Goalie Skate Boot Width
In addition to finding the correct numerical size for your skates, you must also consider the width of the boots that you'll be wearing. D stands for regular width, E stands for wide and EE stands for extra wide. If you've never had width issues when buying shoes then you should be safe to stick with D width goalie skates. If you've had trouble with the width of your shoes cramping the sides of your feet then you probably ought to consider E or EE skates. Most people wear D width, but many require or prefer the fit of E and EE width skates.
Goalie Skate Boot Fit
With player's skates, the general rule for sizing is that you want your big toe to slightly graze the inside of the toe cap when you wiggle your toes inside a brand new pair of skates. With goalie skates, you want the toe cap to be just barely out of reach because if your toes are touching the inside of the toe cap, you'll find out very quickly that it doesn't feel too good when someone takes a slapshot at your toes. Generally, you'll want about 1/8 - 1/4 inch space between the tips of your toes and the inside of the toe cap.
Goalie skates are not built as stiff as player skates and they do not take quite as long to break in. You may experience a bit of discomfort for the first few games with a new pair, but over time you'll be able to break the boot in and you'll notice a drastic improvement in the comfort of the boot. Typically, it will take approximately 3 to 6 hours of playing time to break in your skates, at which point the majority of the initial discomfort should subside.
How to Buy Inline Goalie Skates
The difference between inline goalie skates and ice hockey goalie skates is pretty obvious – chassis & wheels instead of cowlings & runners.

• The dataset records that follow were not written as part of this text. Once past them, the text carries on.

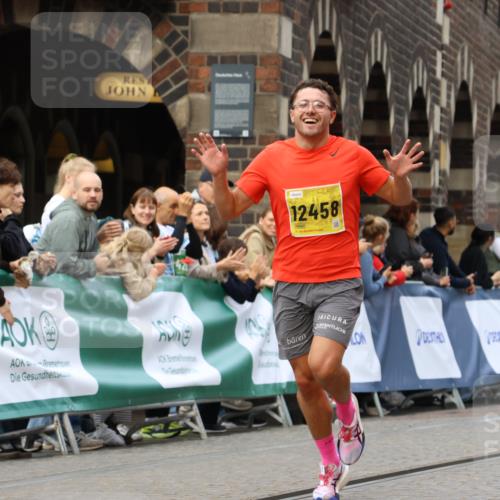 13.09.2026 - 21. swb-Marathon Bremen Strokosch-Dieckow http://msf.ph/oto/10283909 13.09.2026 10:30:48 Ziel 13569, 13576, 13603, 13537, 13554, 13572, 13630 meine-sportfotos.de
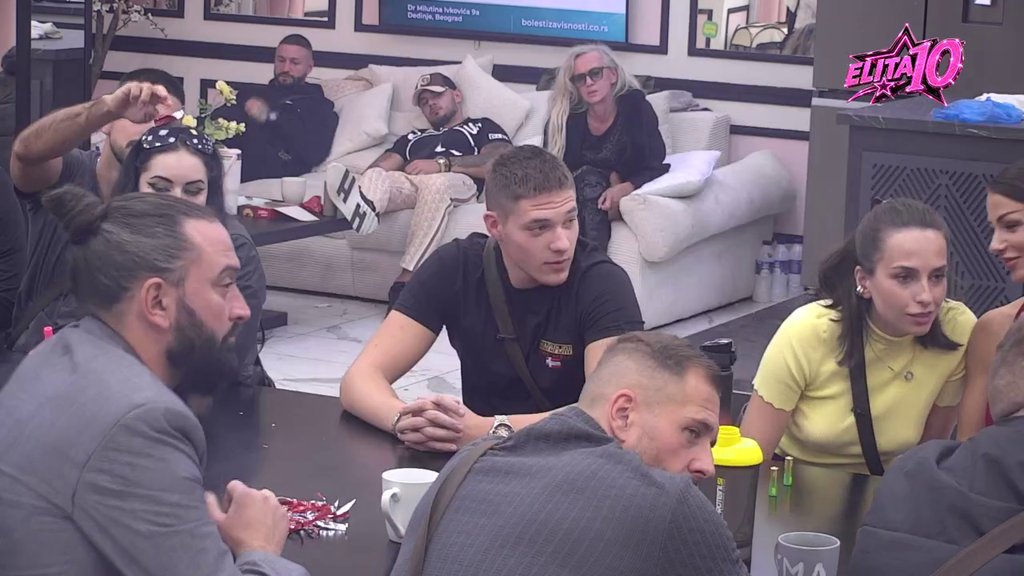 STOJO IZVINI: Rada precrtala Milana za sva vremena, pa poslala poruku njegovoj majci (VIDEO)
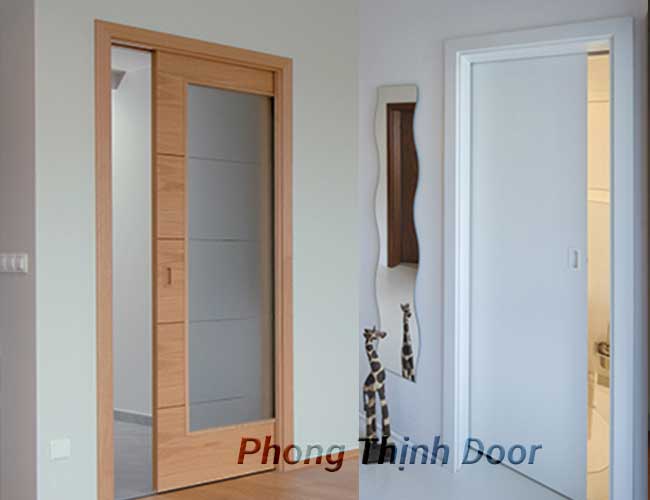 cửa lùa nhà vệ sinh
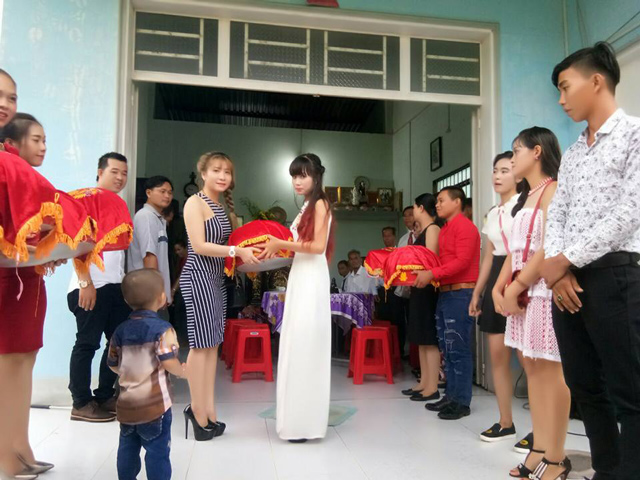 Lễ đính hôn cặp đôi đồng tính khiến dân mạng xôn xao, nhìn dàn bê tráp còn ngỡ ngàng hơn - 6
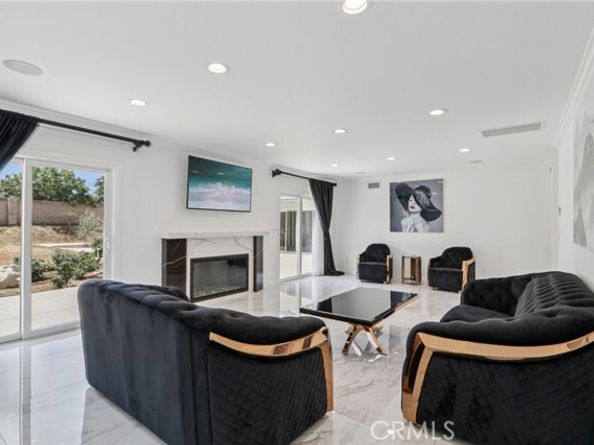 17158 Citronia Street, Northridge (los Angeles) CA 91325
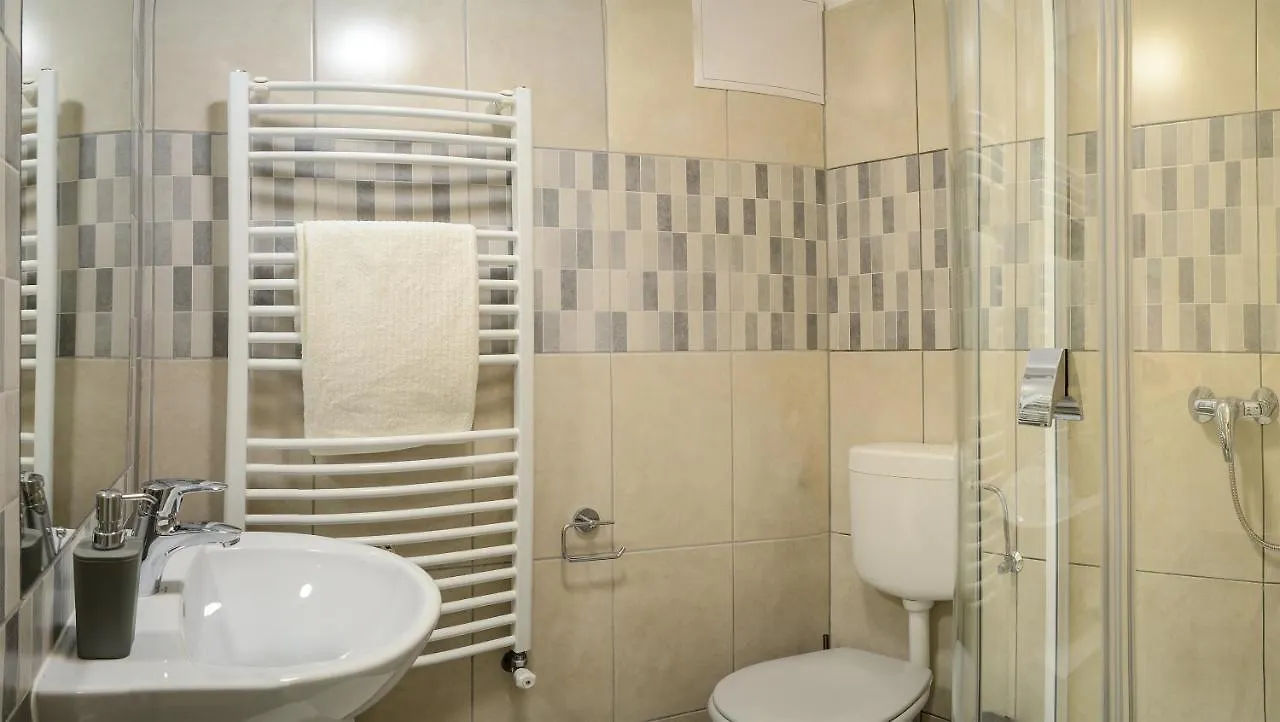 Terrace Apartments Eger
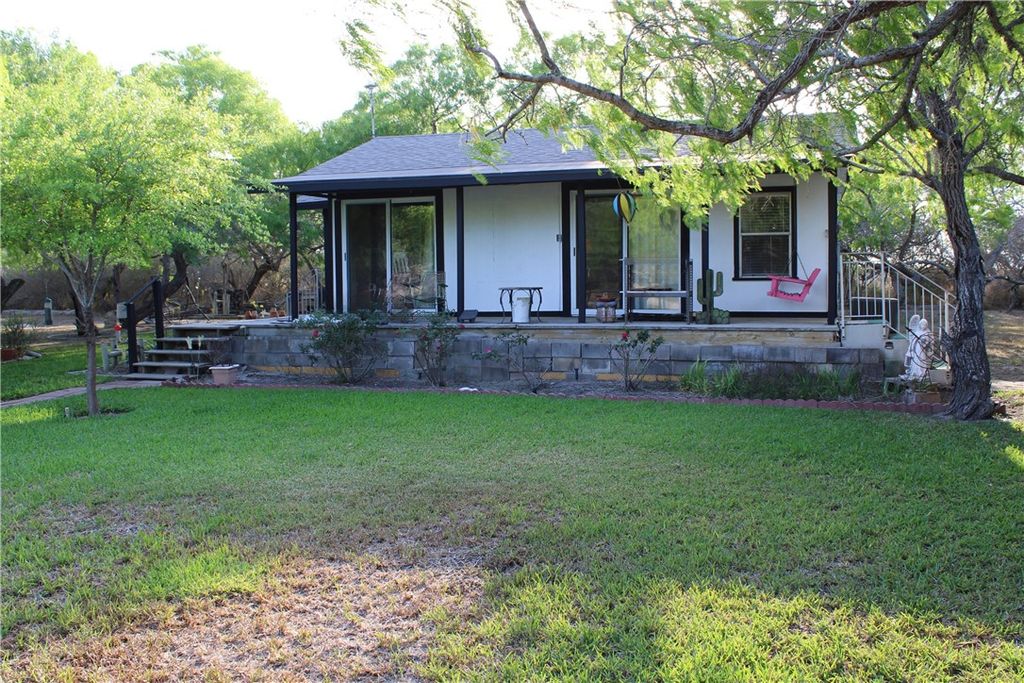 531 S County Road 1140, Riviera, TX 78379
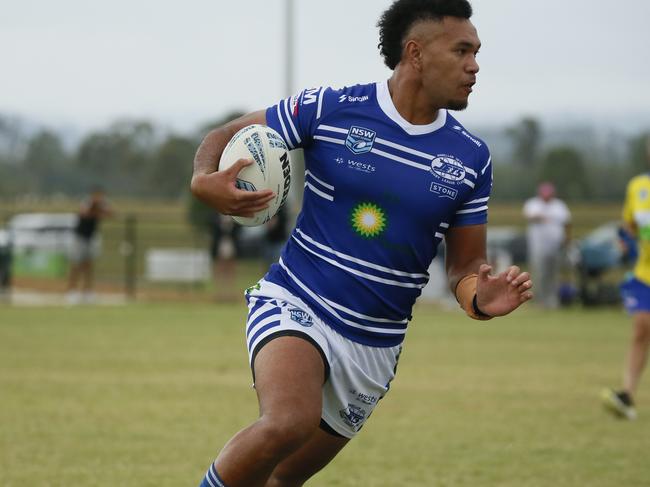 Tuakana Tunupopo heads for the corner. Picture: Warren Gannon Photography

Pictured to the left, you can see an inline goalie chassis with 4 wheels. The model pictured features a new design that Mission produced which is built with a chassis that appears to be able to hold 5 wheels. The second wheel from the back seems to be missing, but the design was no mistake. Goalies push off with the front half of their boot, so in order to reduce weight, the second to last wheel was removed and there was no loss of functionality. Most inline goalie chassis are built to house 5 wheels, but there are still some goalie skates that are made with a 4 wheel chassis, which come with larger wheels than a 5 wheel chassis. The 5 wheel configuration is favored by most inline goaltenders because the additional wheel provides extra grip and stability. The point is that you have options, so keep an open mind and eventually you'll find a design that works best for you.
Inline goalie boot construction and ice hockey goalie boot construction are fairly comparable, with the exception of some additional protection offered by ice hockey goalie boots and some minor structural differences that lend themselves to the functionality of inline chassis or ice hockey skate cowlings, respectively. Fit and sizing is the same with inline hockey goalie skates and ice hockey goalie skates. Just make sure you don't wear skates that are loose and sloppy or tight and constrictive. Not only will you perform poorly, but you'll find yourself in a great deal of pain from the blisters and bone spurs that result from an improper fit.